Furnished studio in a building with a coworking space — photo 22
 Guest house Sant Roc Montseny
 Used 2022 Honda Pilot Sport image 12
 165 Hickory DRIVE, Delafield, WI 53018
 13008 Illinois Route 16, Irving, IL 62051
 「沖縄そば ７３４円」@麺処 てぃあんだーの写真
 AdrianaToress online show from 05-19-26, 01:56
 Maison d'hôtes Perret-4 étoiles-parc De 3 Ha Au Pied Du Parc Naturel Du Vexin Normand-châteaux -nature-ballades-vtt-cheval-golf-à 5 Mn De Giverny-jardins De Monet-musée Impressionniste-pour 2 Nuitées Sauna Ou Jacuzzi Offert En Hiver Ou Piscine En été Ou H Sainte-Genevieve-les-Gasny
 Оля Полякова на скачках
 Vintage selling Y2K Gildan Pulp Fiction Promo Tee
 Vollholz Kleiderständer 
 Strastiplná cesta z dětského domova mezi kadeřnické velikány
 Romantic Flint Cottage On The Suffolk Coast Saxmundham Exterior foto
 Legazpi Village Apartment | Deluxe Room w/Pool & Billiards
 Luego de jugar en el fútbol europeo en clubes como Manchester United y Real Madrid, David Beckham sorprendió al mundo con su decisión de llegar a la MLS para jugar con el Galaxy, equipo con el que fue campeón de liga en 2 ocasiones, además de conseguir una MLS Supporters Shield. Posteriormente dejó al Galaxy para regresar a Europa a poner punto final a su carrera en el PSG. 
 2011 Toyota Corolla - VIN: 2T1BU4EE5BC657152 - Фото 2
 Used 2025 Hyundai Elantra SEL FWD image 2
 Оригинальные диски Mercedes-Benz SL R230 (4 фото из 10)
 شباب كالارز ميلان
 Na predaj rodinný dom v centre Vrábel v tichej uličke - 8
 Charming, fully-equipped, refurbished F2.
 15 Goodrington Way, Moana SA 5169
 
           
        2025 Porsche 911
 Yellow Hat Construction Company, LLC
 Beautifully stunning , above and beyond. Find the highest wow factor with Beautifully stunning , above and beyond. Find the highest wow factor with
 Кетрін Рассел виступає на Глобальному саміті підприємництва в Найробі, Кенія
==*==
Work order — Write out exactly the lines above between the line with "Strastiplná cesta z" and the line with "Yellow Hat Construction Company, LLC", inclusive, and nothing beyond them.

Response —
 Strastiplná cesta z dětského domova mezi kadeřnické velikány
 Romantic Flint Cottage On The Suffolk Coast Saxmundham Exterior foto
 Legazpi Village Apartment | Deluxe Room w/Pool & Billiards
 Luego de jugar en el fútbol europeo en clubes como Manchester United y Real Madrid, David Beckham sorprendió al mundo con su decisión de llegar a la MLS para jugar con el Galaxy, equipo con el que fue campeón de liga en 2 ocasiones, además de conseguir una MLS Supporters Shield. Posteriormente dejó al Galaxy para regresar a Europa a poner punto final a su carrera en el PSG. 
 2011 Toyota Corolla - VIN: 2T1BU4EE5BC657152 - Фото 2
 Used 2025 Hyundai Elantra SEL FWD image 2
 Оригинальные диски Mercedes-Benz SL R230 (4 фото из 10)
 شباب كالارز ميلان
 Na predaj rodinný dom v centre Vrábel v tichej uličke - 8
 Charming, fully-equipped, refurbished F2.
 15 Goodrington Way, Moana SA 5169
 
           
        2025 Porsche 911
 Yellow Hat Construction Company, LLC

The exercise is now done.